Puisque vous n'avez pas pris cette précaution avant de vous fendre de votre brûlot de propagande éhontée, j'ai le regret de vous contredire : cet évènement qui n'a pas la dimension mystique que vous voulez lui coller, était célébré dans les familles avec toute la pompe requise mais sans la coloration politique et idéologique que vous et vos semblables voudrez lui donner. Votre volonté de vous accaparer d'évènements qui appartiennent à tous pour en faire des mots d'ordre dont le but, de plus en plus évident, est de cliver, diviser, disséminer le racisme et la haine, trouvera en face une autre volonté : celle des Arabo-berbères et ils sont nombreux pour vous dire : notre personnalité double et riche vaut bien la vôtre étriquée, égoïste et persuadée de sa supériorité transcendantale. Tant que vous œuvrerez pour la division, vous vous condamnez à rester une minorité sans pouvoir malgré vos rassemblements «de matchs de foot», manifestation de votre jalousie endémique. Une arabo-berbère et fière de l'être, descendante d'un Arabe et d'une arabo-zénète, mère de trois enfants judéo- arabo-zénètes par leur père.

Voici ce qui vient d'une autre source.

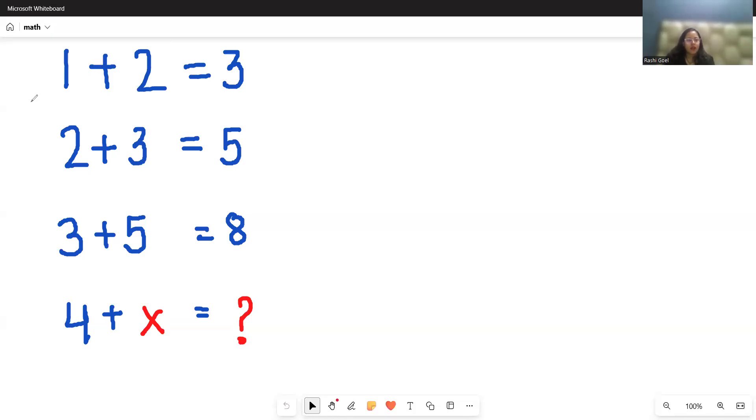Hello everyone, welcome to my channel. In this video, we are going to solve the puzzle if 1 plus 2 is 3,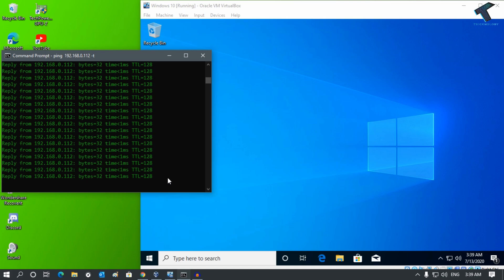Hey guys, welcome back to our channel Tricknology. Today in this video I'm going to show you how to block ping requests in your Windows 10 computer, so just follow me.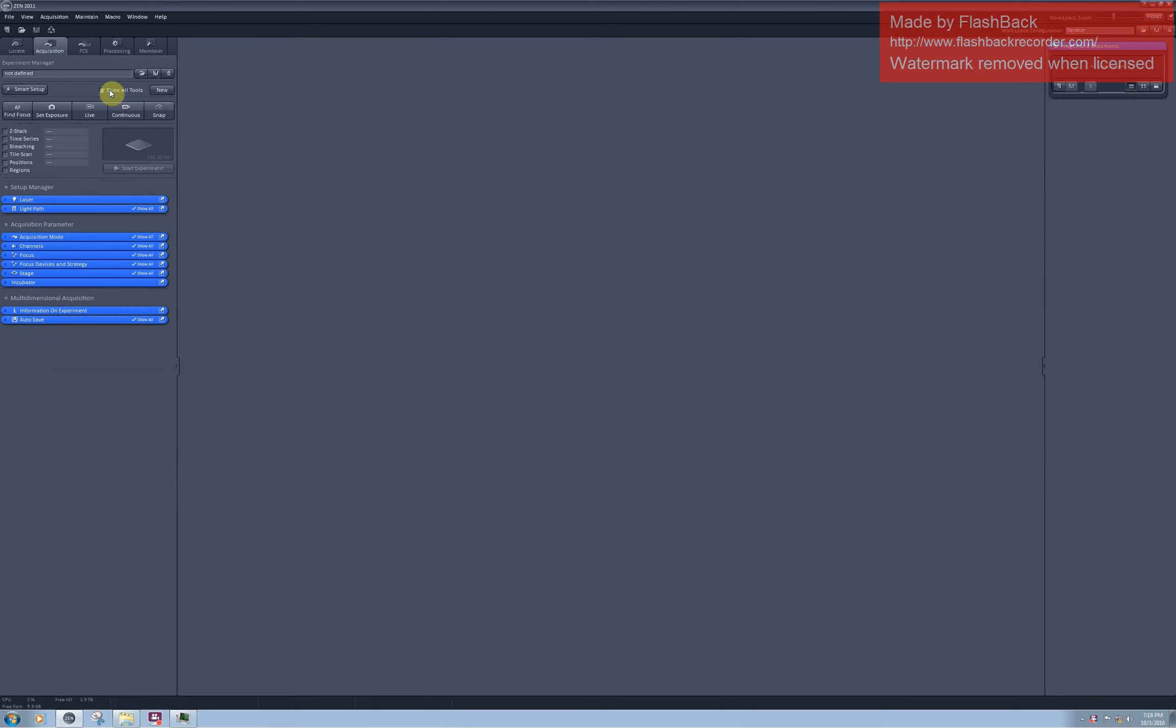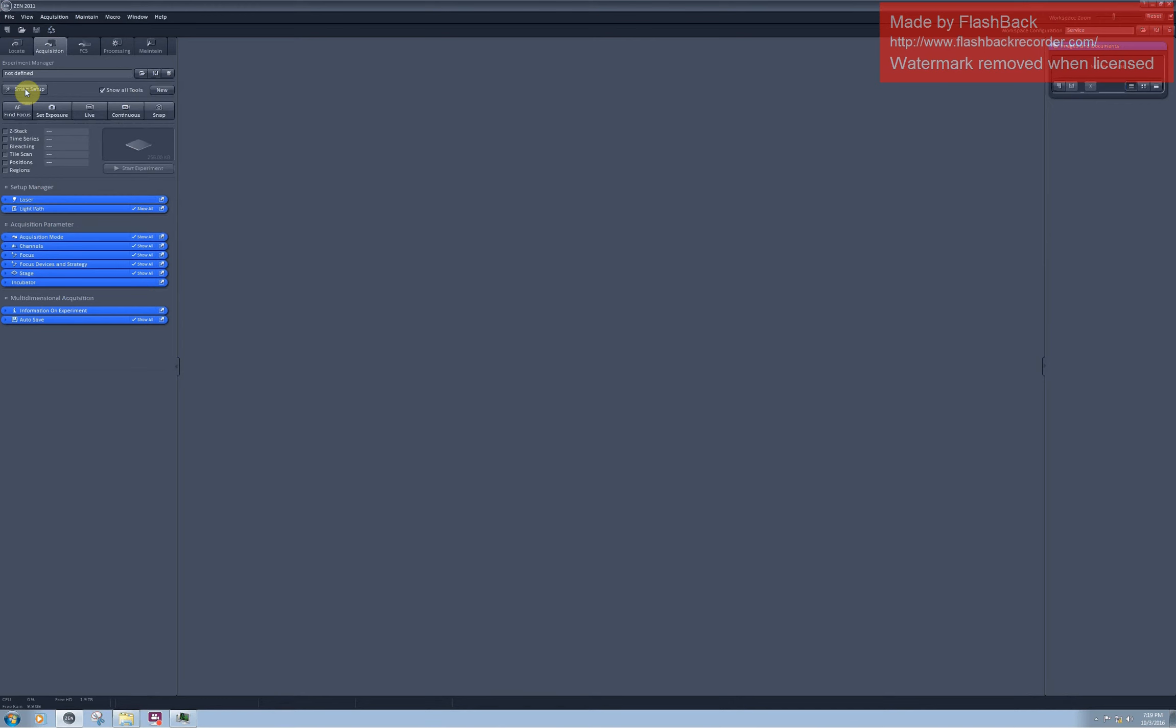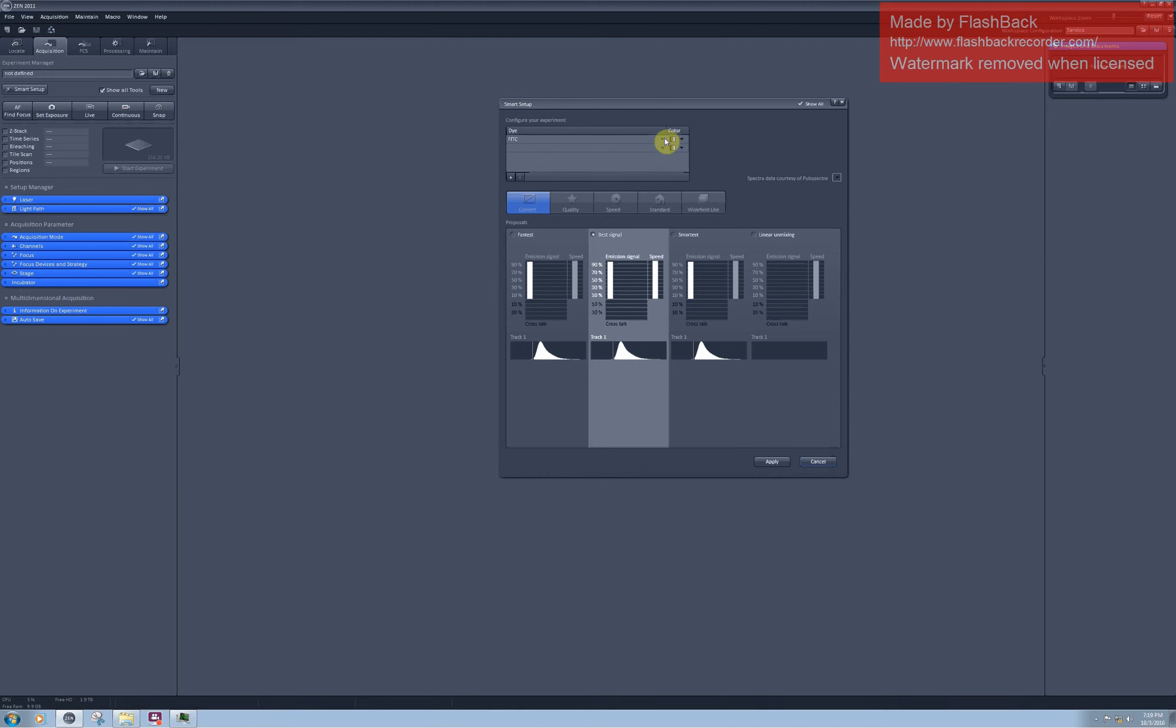You can ask the software to help you configure the light path for exciting and detection of your fluorophore. For this, you should go to smart setup here. This is a large database of the emission and excitation spectra of different fluorophores and also hardware settings for their detection. Most probably you will be able to find your fluorophore in the list.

Zohra Mahi, avocate et écrivaine

Débat Yannayer : l'avis de Hend Sadi

La guerre de deux mille ans n’est pas finie
"L’Algérie n’est pas berbère mais amazighe car elle est arabe », cette formule tourmentée de Mahmoudi renvoie forcément à celle, similaire, de l’ancien premier ministre Belaïd Abdeslam qui s’était dit en son temps «Arabe parce que Kabyle». Cette violence faite à la sémantique révèle, on ne peut mieux, le malaise identitaire qui persiste en Algérie malgré 50 ans d’une arabisation forcenée dont on n’a pas fini d’évaluer les dégâts. Le trauma identitaire se décline diversement selon le profil de chacun, mais des tendances lourdes, héritage des controverses qui ont secoué le mouvement national, dominent et structurent le discours autour de cette question. Au vu du rapport à l’amazighité, perçue par beaucoup comme une pathologie, un «mal» écrivait Le Jeune Musulman d’Ahmed Taleb, on pourrait opérer une classification des positions et aboutir à une typologie. 

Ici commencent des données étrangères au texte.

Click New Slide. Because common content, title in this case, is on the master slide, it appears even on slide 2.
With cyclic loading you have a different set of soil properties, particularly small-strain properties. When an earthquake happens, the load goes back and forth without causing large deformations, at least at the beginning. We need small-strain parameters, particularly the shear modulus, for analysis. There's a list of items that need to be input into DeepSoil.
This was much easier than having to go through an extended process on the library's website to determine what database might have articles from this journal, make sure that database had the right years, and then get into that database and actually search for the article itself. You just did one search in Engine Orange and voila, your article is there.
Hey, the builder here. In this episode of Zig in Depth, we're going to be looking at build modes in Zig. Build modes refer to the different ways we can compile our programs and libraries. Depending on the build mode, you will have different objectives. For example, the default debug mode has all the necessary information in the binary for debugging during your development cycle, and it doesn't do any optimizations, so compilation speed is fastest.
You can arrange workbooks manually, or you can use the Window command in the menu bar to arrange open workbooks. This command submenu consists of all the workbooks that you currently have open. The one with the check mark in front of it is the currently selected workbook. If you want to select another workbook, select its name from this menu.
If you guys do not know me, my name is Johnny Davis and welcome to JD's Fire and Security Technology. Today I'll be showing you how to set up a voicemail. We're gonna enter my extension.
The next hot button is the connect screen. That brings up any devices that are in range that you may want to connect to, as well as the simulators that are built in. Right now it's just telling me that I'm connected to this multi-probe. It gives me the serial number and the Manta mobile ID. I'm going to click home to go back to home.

Je m’arrêterai ici sur un texte qui me paraît refléter un courant représentatif : la lettre de Zohra Mahi, « avocate et écrivain » qui a réagi à la chronique d’Arezki Métref du 3 février 2012 consacrée à la célébration de Yennayer à Tripoli. C’est à elle que je m’adresserai à présent : 
Lalla Mahi, azul,
L’intolérance dont vous faites montre, Madame, à l’égard de l’amazighité est si ancrée dans votre mentalité que vous l’extériorisez avec un naturel confondant. Parce qu’il est porté par les institutions et qu’il est répandu dans l’opinion, votre sectarisme vous semble politiquement légitime. Sa remise en cause est de l’ordre du scandale à vos yeux. 
Commençons par le procédé que vous utilisez dans votre argumentation et qui révèle la contradiction de votre position. Sur l’identité nationale, vous adoptez le point de vue arabo-islamiste, officiel et hégémonique ; mais, pour le défendre, vous prenez une posture victimaire et vous évitez ainsi d’avoir à assumer l’imposture qui le fonde. Conséquence logique de votre démarche, vous attribuez à la chronique de Métref la vindicte de vos propos. 
Qu’Arezki Métref écrive «Yennayer» pour ce que vous, vous appelez «Nnaïr» et fêtez depuis votre «plus tendre enfance», suffit à vous faire sortir de vos gonds. Qu’il rapporte la célébration de ce nouvel an à Tripoli — à Tripoli, Madame —, vous voilà agressée jusque dans votre province natale : pire, vous êtes assiégée. Qu’il voie un signe de libération dans cette manifestation qui a eu pour cadre le palais où s’était retranché l’ancien dictateur libyen, vous voilà prête à partir en guerre, à vous dresser contre lui et ses « semblables » qui veulent «cliver, diviser, disséminer le racisme et la haine». Rien que ça
Que recouvre donc ce «vous» que vous fustigez dans votre lettre ? Métref et ses divisions de lecteurs ? Les Kabyles de la «sacro-sainte Kabylie» et, au-delà, tous ceux qui, de la Libye au Maroc, fêtent un peu trop bruyamment à votre goût Yennayer ? Ou bien encore, plus largement et, plus vraisemblablement aussi, tous les habitants de ce sous-continent qui veulent vivre pleinement leur amazighité dans la cité ? Car pour vous la seule affirmation du fait amazigh vaut agression. A l’inverse, sa négation, son «oubli » n’a rien de choquant, il relève du quotidien qui sied à une identité dhimmie. 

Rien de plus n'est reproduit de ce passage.